Pero no fue así. Desgraciadamente, en la madrugada del 26 de junio de 1986, el Volvo F-12 que conducía Andrés Martínez se salía derrapando a 140 kilómetros por hora y se estrellaba contra otro vehículo de gran tonelaje, para acto seguido, estrellarse contra un árbol. La catástrofe estaba servida. Los 20.000 litros de ácido sulfúrico que transportaba el camión, se vierten en el accidente desparramándose por el asfalto de la carretera. El siniestro es espectacular.  Se ven implicados hasta cinco vehículos que advierten enseguida del desastre a las autoridades y equipos de emergencias. El caos es total en los parajes de la sierra de Madrid. Los vehículos comienzan a formar un atasco que llegará a los nueve kilómetros.
PORTADA EN LOS PERIÓDICOS

Rafael Noja es jefe de los servicios de protección civil de la comunidad de Madrid, y el primero en llegar al lugar del siniestro. Rápidamente valora la situación y se encarga de organizar en la medida que puede, el desconcierto que se ha generado.

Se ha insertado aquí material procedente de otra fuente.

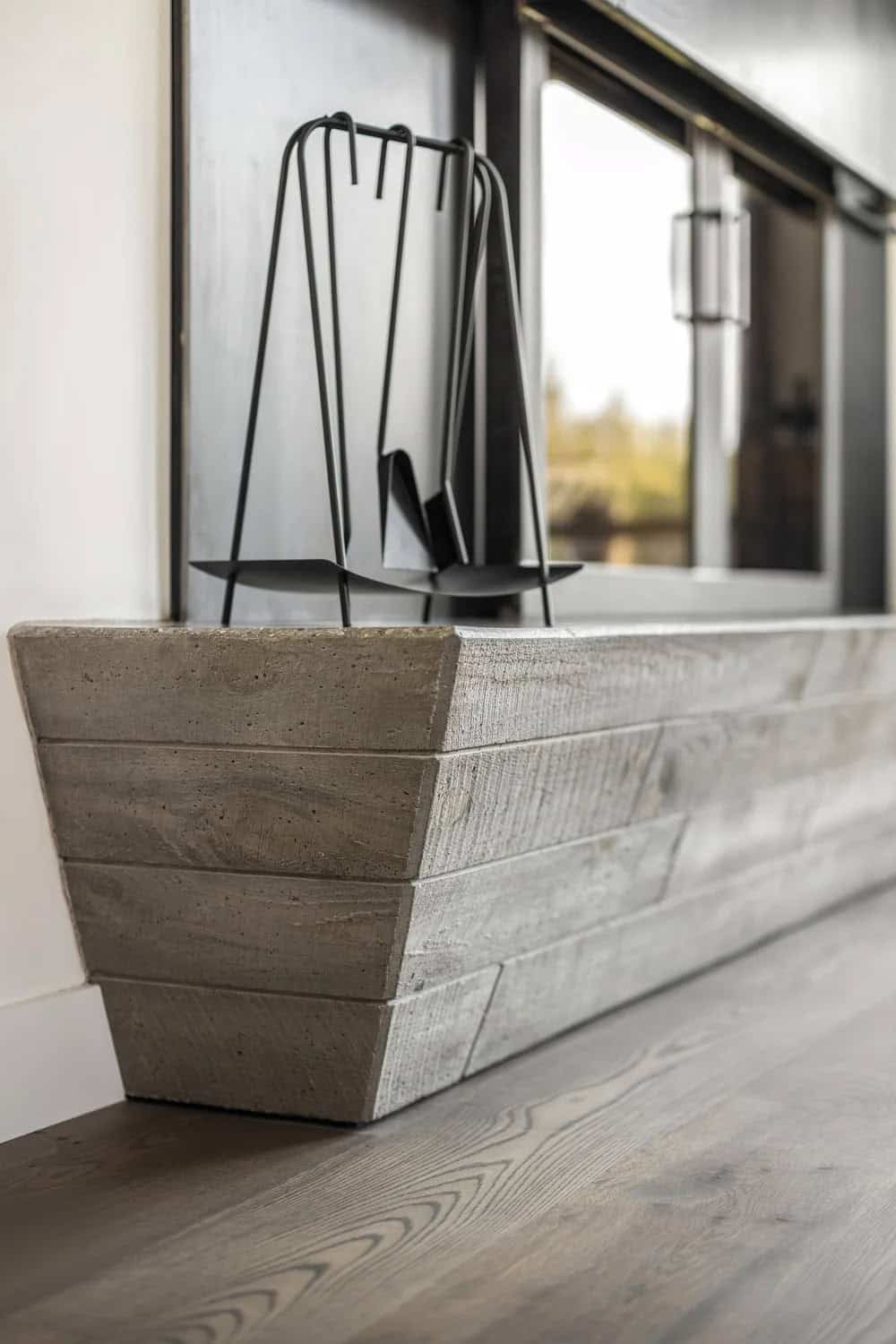 modern living room with a double sided fireplace detail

Los bomberos hacen acto de presencia de inmediato. Dado el carácter sumamente peligroso de la carga que contiene la cisterna, se procede a evacuar a los testigos y a los curiosos que, en gran número, se agolpan en las inmediaciones, para acto seguido tomar las medidas oportunas para que, dada la proximidad de afluentes del río Duratón, el vertido no llegue al río y no se añada al accidente un desastre ecológico de grandes dimensiones.
En tales faenas andan los bomberos, a la vez que intentan sofocar el fuego que ha envuelto la cabina del camión de Andrés. Cuando al final logran extinguirlo, comprueban que tanto Andrés como Carmen se encuentran dentro de la cabina muertos.
Los periódicos de todo el país abren sus portadas con las fotos del accidente en primera plana. Los equipos de extinción de incendios y los de actuación medioambiental, trabajan en el vertido de ácido, mientras la guardia civil y la policía investigan el accidente interrogando a los implicados y testigos de lo ocurrido.
Juan García Torres es el juez de paz de la localidad de Somosierra. Al personarse en el lugar del accidente, comprobó que el desastre era de grandes proporciones. Observó como los neumáticos del Volvo habían dibujado en el asfalto la trayectoria en zigzagueo que condujo mortalmente la cabina del camión hasta un gran árbol.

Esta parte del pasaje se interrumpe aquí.